Only the text belongs in the answer: every line of the records below, transcribed exactly.

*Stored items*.
------------------------------------------------

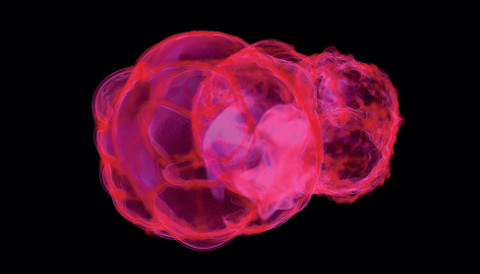 Supernovae Simulations Carve Local Bubble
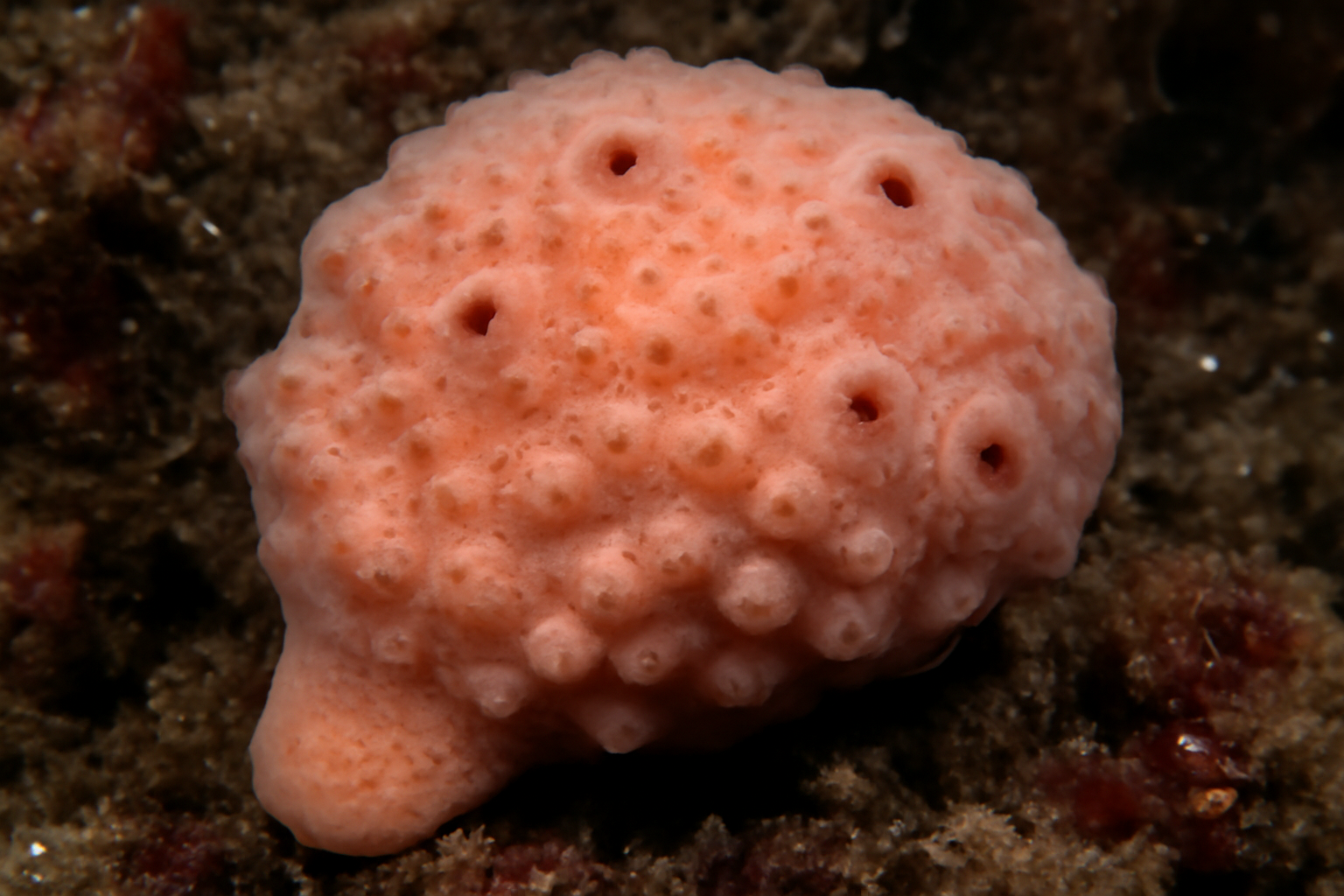 Tedania charcoti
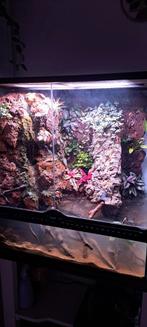 Paludarium/terrarium 60x60x45 exo terra, Dieren en Toebehoren, Reptielen en Amfibieën | Toebehoren, Ophalen of Verzenden, Zo goed als nieuw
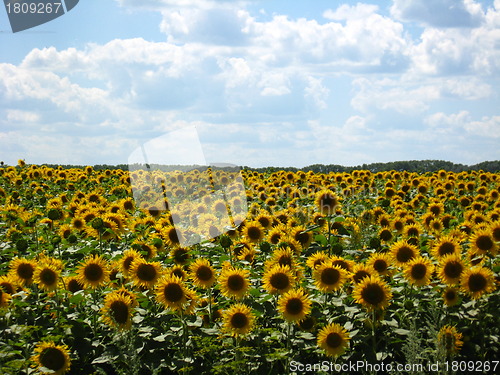Image of Field with sunflowers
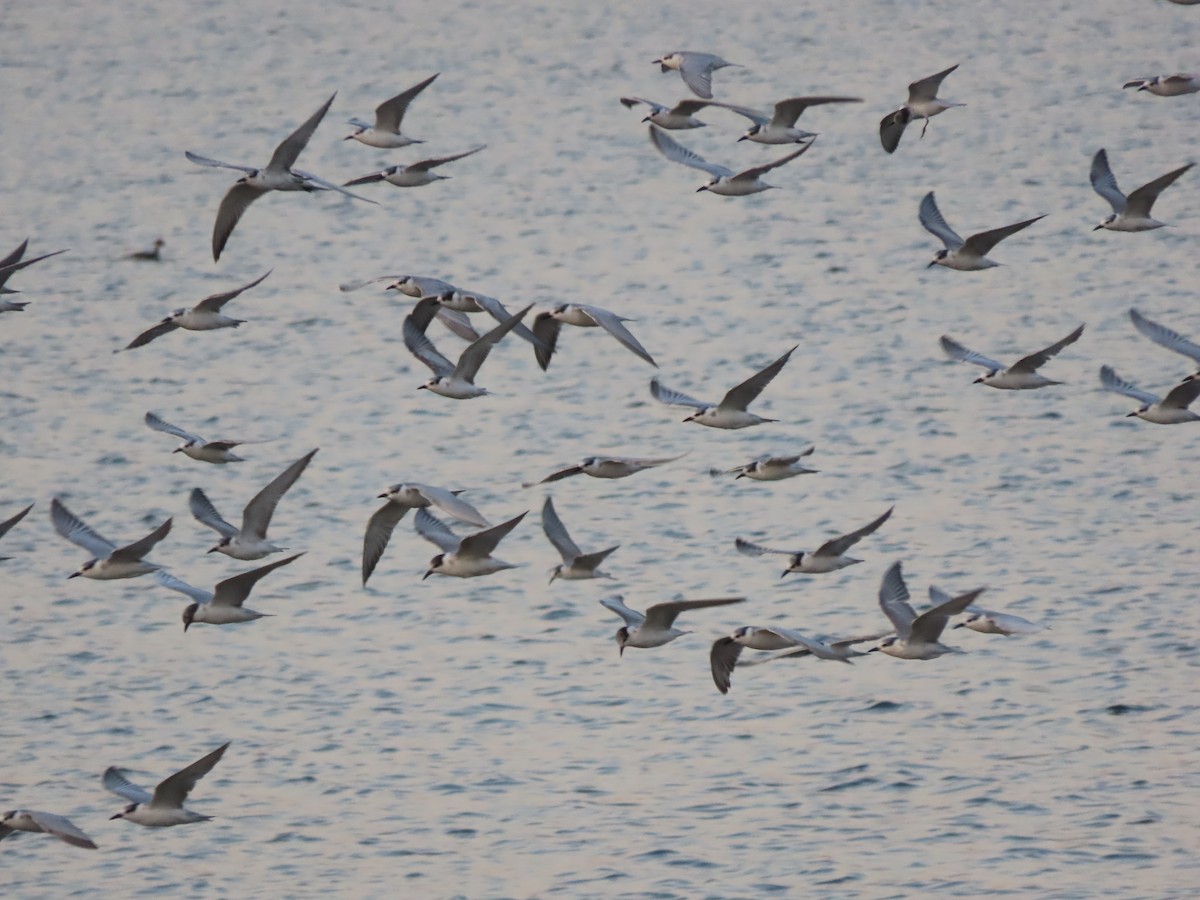 Whiskered Tern - ML626574167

------------------------------------------------

*EXERCISE ANSWER*.
 Supernovae Simulations Carve Local Bubble
 Tedania charcoti
 Paludarium/terrarium 60x60x45 exo terra, Dieren en Toebehoren, Reptielen en Amfibieën | Toebehoren, Ophalen of Verzenden, Zo goed als nieuw
Image of Field with sunflowers
 Whiskered Tern - ML626574167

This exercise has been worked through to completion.